TIMES SQUARE, Manhattan (WABC) -- Thousands of people flocked to Manhattan's East Side near the United Nations on Tuesday evening to show their support for Israel as the war rages on overseas.
The gathering was so large at the UJA-Federation-sponsored 'New York Stands with Israel' rally and vigil at Dag Hammarskjold Plaza that the crowd spilled back onto Second Avenue and 47th Street.
Supporters waved Israeli flags, some of whom expressed concern for the victims and the hostages.
"I'm worried about all the hostages," one supporter said. "What's going to happen to them? How is Israel going to conquer Hamas and still free the hostages? I don't know. It's very frightening, so just to know that we're behind them. What else can we do?"
In another show of support, Mayor Adams invited members of the Jewish Community to Gracie Mansion on Wednesday to begin the healing process.
New York City Mayor Eric Adams, Governor Kathy Hochul and Attorney General Letitia James all spoke at the vigil.

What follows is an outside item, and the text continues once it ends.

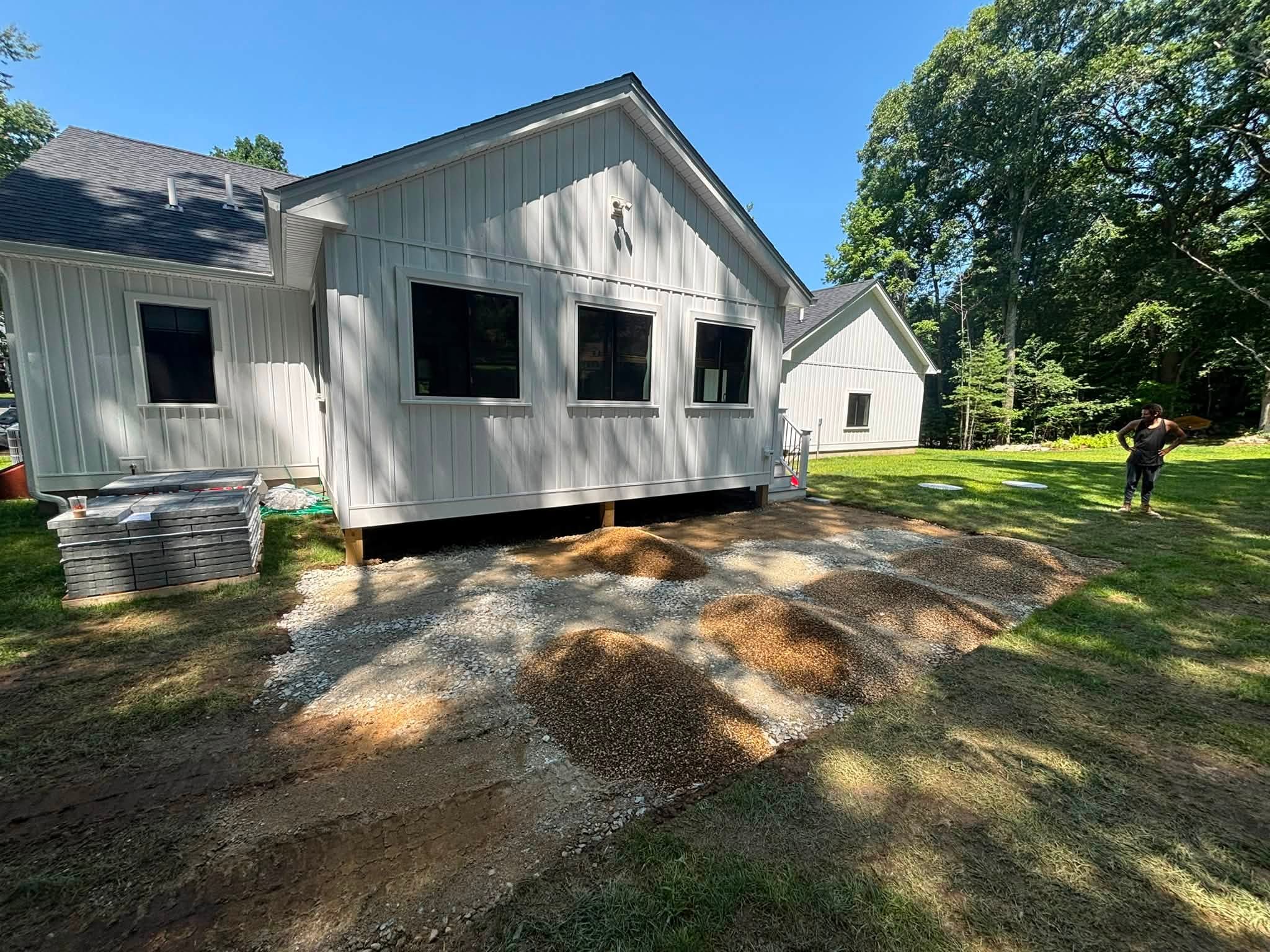 Walkway installation in progress — Charlton, MA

"Yes, we are called upon to pray for peace, but justice first," Hochul said. "There must be justice for the slaughter of babies, and children, and grandmothers, and families torn apart by the horror that happened to their loved ones."

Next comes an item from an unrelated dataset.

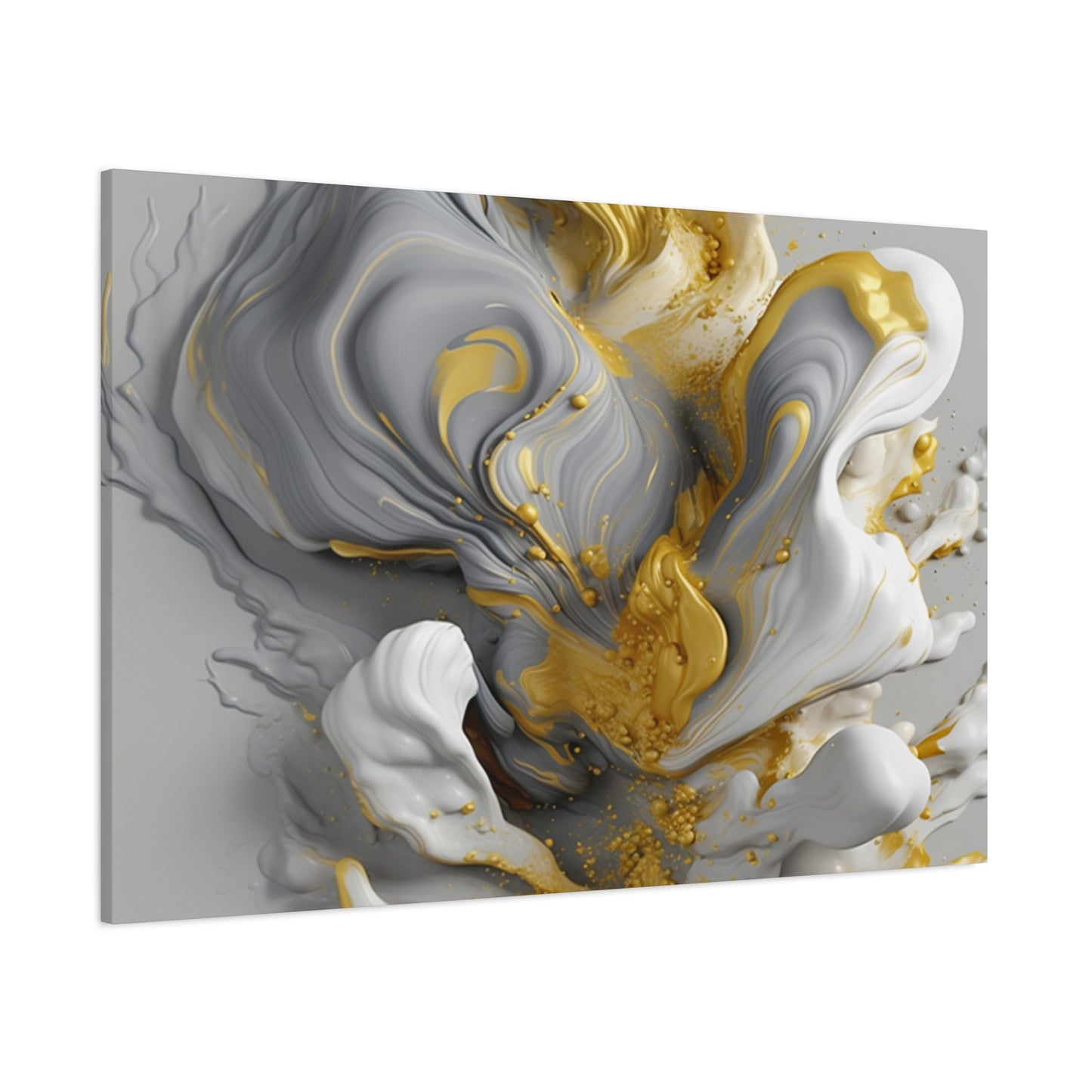 Gold, White, and Gray Liquid Fluid Modern Wall Art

"We are not all right," Mayor Eric Adams said. "We are not all right when we see young girls pulled from their home and dragged through the streets. When we see grandmothers pulled from their homes."
But all the speeches won't erase the horror.
Along with silence, there was a plea from a mother, clinging to hope that her son would survive.
"Omer is now believed to be held by Hamas," one mother said. "Omer, we know you are alive. We know you are whole. Be strong."
Omer Neutra was born on Long Island, but moved to Israel and joined the IDF. His family spoke with him the night before the attacks over the weekend.
A few miles away, New Jersey Governor Phil Murphy spoke at a waterfront vigil in Hoboken, where people gathered and lit candles together.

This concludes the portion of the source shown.